Esta Página, "Voz Desde el Destierro", pretende que sea una tribuna en la Red de redes, para aquellos que no tienen voz dentro de la isla de Cuba, para romper el muro de la censura, la triste y agobiante realidad del pueblo cubano. Editor y redactor: Juan Carlos Herrera Acosta. Ex-preso Político de la causa de los 75.
El activista Hillel Neuer desmenuza por qué las dictaduras se sienten tan cómodas en este organismo.
El martes, con motivo de la renovación parcial del Consejo de Derechos Humanos(CDH) de la Organización de Naciones Unidas (ONU), fueron elegidos por la Asamblea General miembros de dicho organismo países poco o nada respetuosos de los Derechos Humanos como Argelia, Marruecos, China, Cuba, Arabia Saudí o Rusia.
La elección corrió a cargo de la Asamblea General de la ONU, instancia en la que, a diferencia del Consejo de Seguridad, todos los países -desde los más poderosos- hasta los más débiles votan en pie de igualdad.
Además, al haber tenido la votación carácter secreto, resulta imposible saber -aunque se sospecha- quien ha patrocinado la elección de esos países. En intento de salvar la cara o de relativizar, también pasarán a formar parte del CDH el Reino Unido, Francia y México. Sin embargo, en comparación con las dictaduras, estos y otros países seguirán siendo minoritarios en el seno del CDH en comparación con las dictaduras. La explicación reside en la propia composición del CDH, cuyo reglamento tiene como consecuencia que las democracias sean minoría en nombre de una “distribución geográfica equitativa”: trece escaños están reservados para países africano; otros trece para los asiáticos; ocho para latinoamericanos y caribeños; otros ocho para los países de Europa occidental y seis para los de Europa Oriental.

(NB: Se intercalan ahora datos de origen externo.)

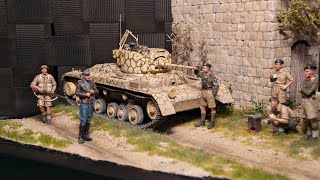 1/35 WW2 Diorama (Complete Build with Realistic scenery) - One Way Ticket to Malta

En 2009, Libia y China usaron el Consejo de Derechos Humanos para elogiar a Cuba y a Arabia Saudí respecrivamente
Esta situación lleva a muchos a dudar acerca de la utilidad, eficacia e incluso hasta de la misma idoneidad del CDH. Creado en 2006 tras el fracaso de la antigua Comisión de Derechos Humanos, su balance desde entonces deja mucho que desear.
Como explica a LA GACETA Hillel Neuer, director ejecutivo de UN Watch, organización especializada en el seguimiento de las actividades de la ONU, “respecto de China, donde vive la quinta parte de la población mundial y donde millones de personas son reprimidas, el CEDH no ha votado ninguna resolución en casos como las masacres de miembros de la minoría uigur o el de los tibetanos asesinados”.
“Lo mismo ocurre”, prosigue Neuer, “en relación con los activistas y blogueros cubanos -todos ellos pacíficos- que son constantemente apaleados o bien languidecen en la cárcel: ni una sola resolución de un CDH, que también lleva siete años mirando hacia otro lado cuando se trata de la suerte de las mujeres saudíes, víctimas de violaciones y a menudo condenadas a latigazos; tampoco ha votado resoluciones en relación con Zimbabue, víctima de la feroz dictadura de Mugabe”.
La lista, obviamente no es exhaustiva. Alguna excepción hubo: el uno de marzo de 2011, Libia fue suspendida del CDH por “sus continuas y masivas violaciones de los derechos humanos” de los rebeldes y manifestantes que en esas fechas protestaban contra el régimen de Muammar Gaddafi. En cambio, el pasado septiembre no tuvo reparos en llamar la atención a Australia por restringir la acogida de refugiados asiáticos que llegaban a sus costas en balseras.
Asimismo, no ha cumplido las expectativas el mecanismo conocido como Universal Periodic Review, cuyo papel consiste en comprobar periódicamente -durante tres horas una vez cada cuatro años, en principio- el respeto de los Derechos Humanos por parte de cada uno de los 193 Estados miembros de la ONU.
Este sistema generó muchas esperanzas pero también dio lugar a situaciones grotescas: en una sesión celebrada en 2009, Libia elogió a Cuba “por promover la libertad de pensamiento y de expresión” al tiempo que China elogiaba a Saudí por sus logros en materia de derechos de las mujeres.
Ante este panorama, Neuer hace un llamamiento a Estados Unidos y la Unión Europea para que lideren una ofensiva dentro del CDH. ¿Cómo? “Introduciendo resoluciones específicas en todas las sesiones, convocando sesiones especiales cada vez que se produzcan violaciones masivas e inspirando la creación de mandatos específicos de investigación sobre determinados países. Aunque las resoluciones y los mandatos sean algo difícil de conseguir, cada discurso tiene su impacto”.